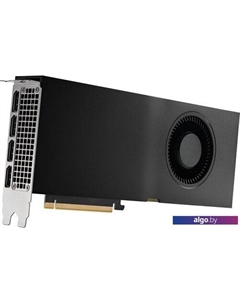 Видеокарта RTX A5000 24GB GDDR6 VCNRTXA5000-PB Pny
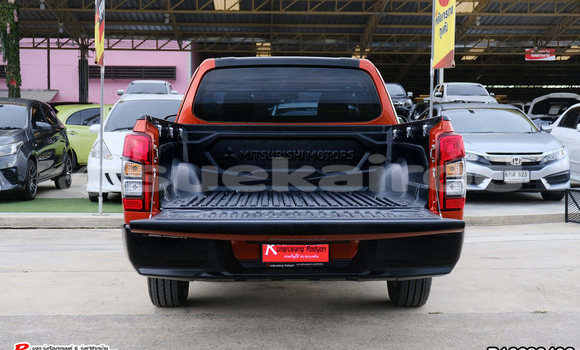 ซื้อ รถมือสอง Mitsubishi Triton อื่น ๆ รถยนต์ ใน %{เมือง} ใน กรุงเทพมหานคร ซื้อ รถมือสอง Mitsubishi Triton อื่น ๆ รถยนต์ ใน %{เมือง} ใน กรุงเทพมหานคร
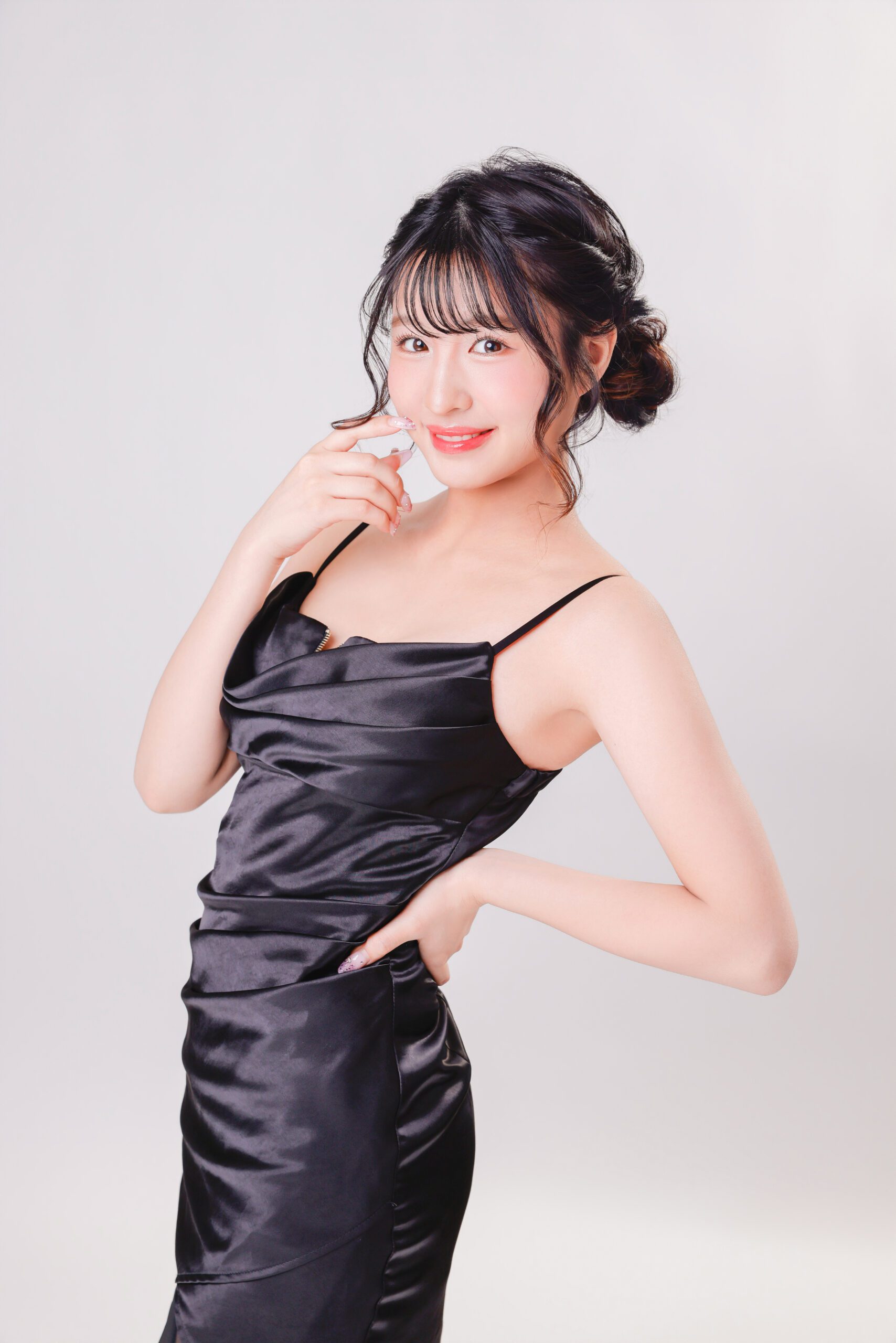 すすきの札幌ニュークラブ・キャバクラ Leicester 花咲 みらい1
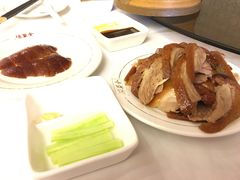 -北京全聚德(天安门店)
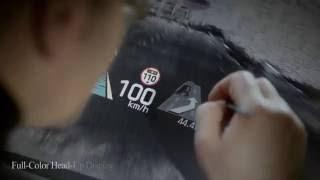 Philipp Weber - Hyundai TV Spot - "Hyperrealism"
▬▬▬▬▬▬▬▬▬▬
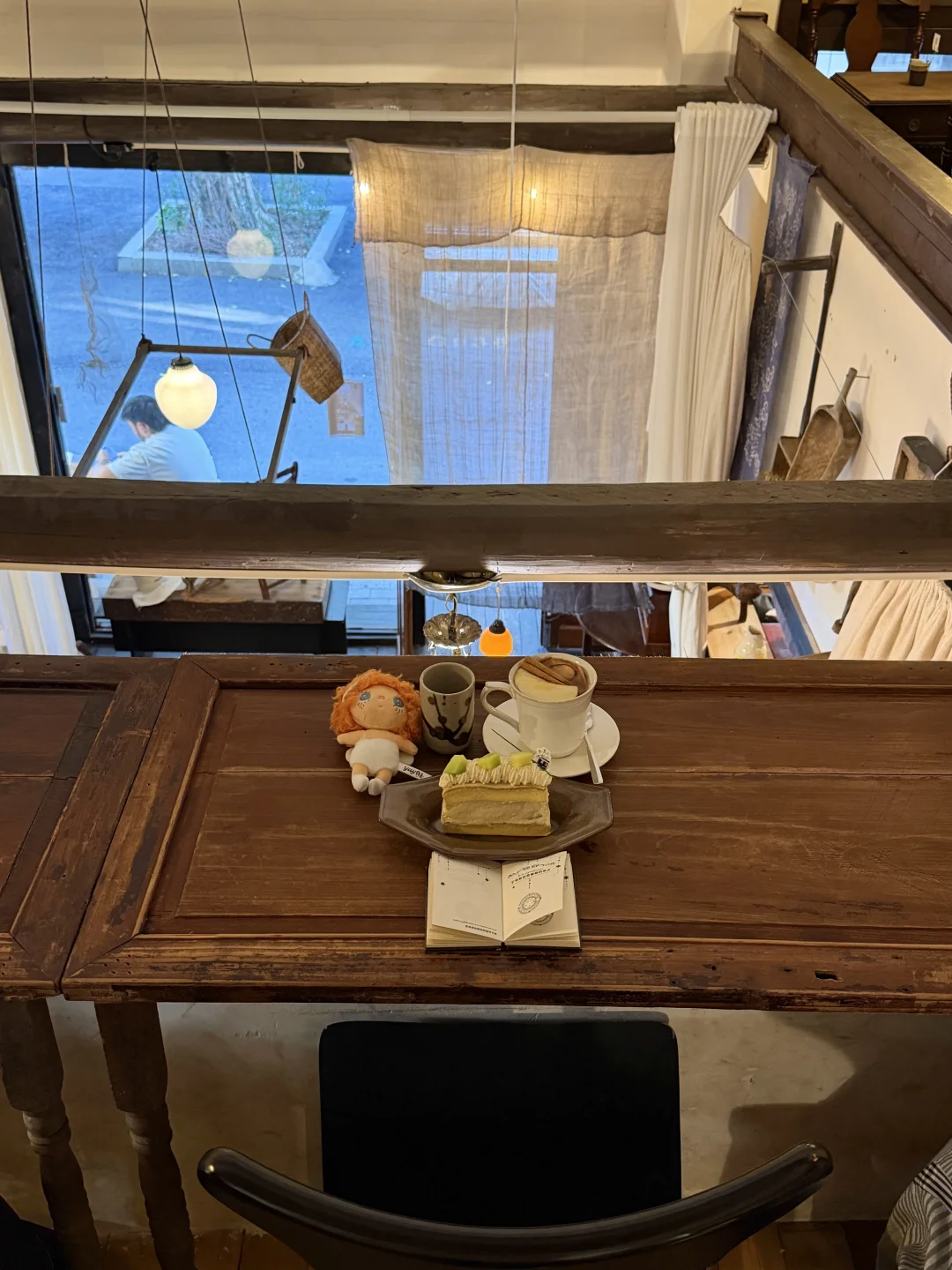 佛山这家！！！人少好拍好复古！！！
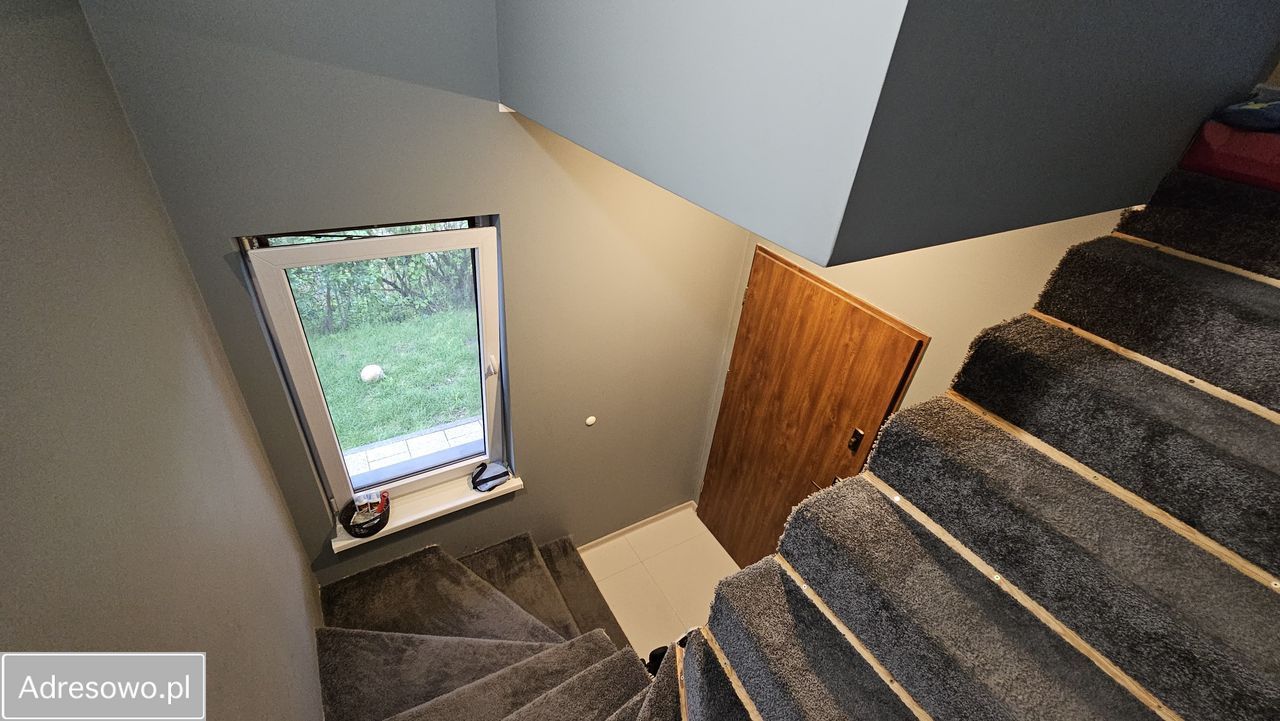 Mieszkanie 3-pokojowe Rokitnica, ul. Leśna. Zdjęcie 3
▬▬▬▬▬▬▬▬▬▬
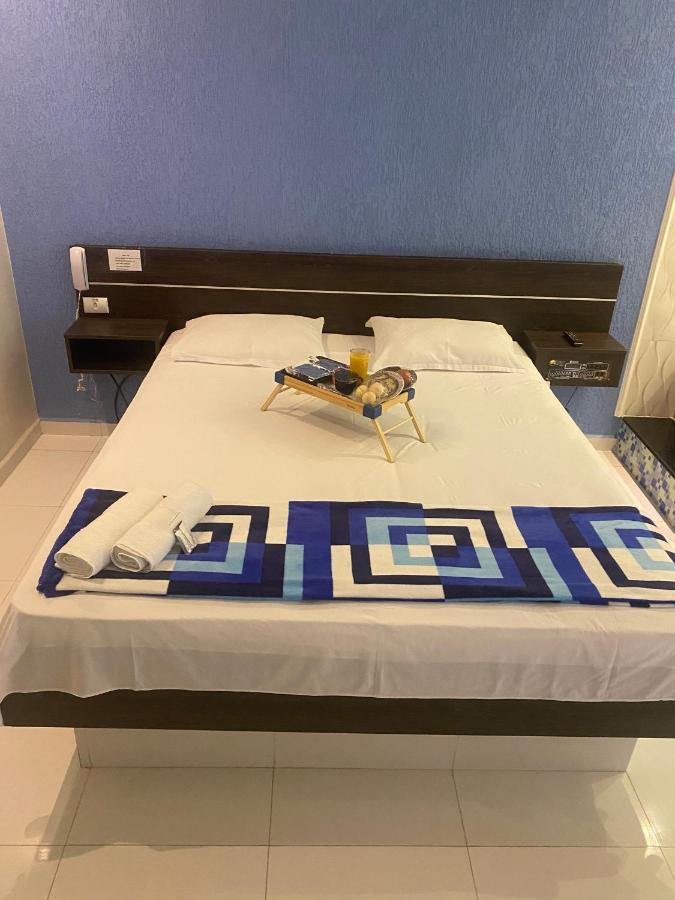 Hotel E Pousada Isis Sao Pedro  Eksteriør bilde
▬▬▬▬▬▬▬▬▬▬
Copy everything above from the line holding "佛山这家！！！人少好拍好复古！！！" down to the line holding "Mieszkanie 3-pokojowe Rokitnica, ul.", both ends included, exactly as it stands and without the pictures.

 佛山这家！！！人少好拍好复古！！！
 Mieszkanie 3-pokojowe Rokitnica, ul. Leśna. Zdjęcie 3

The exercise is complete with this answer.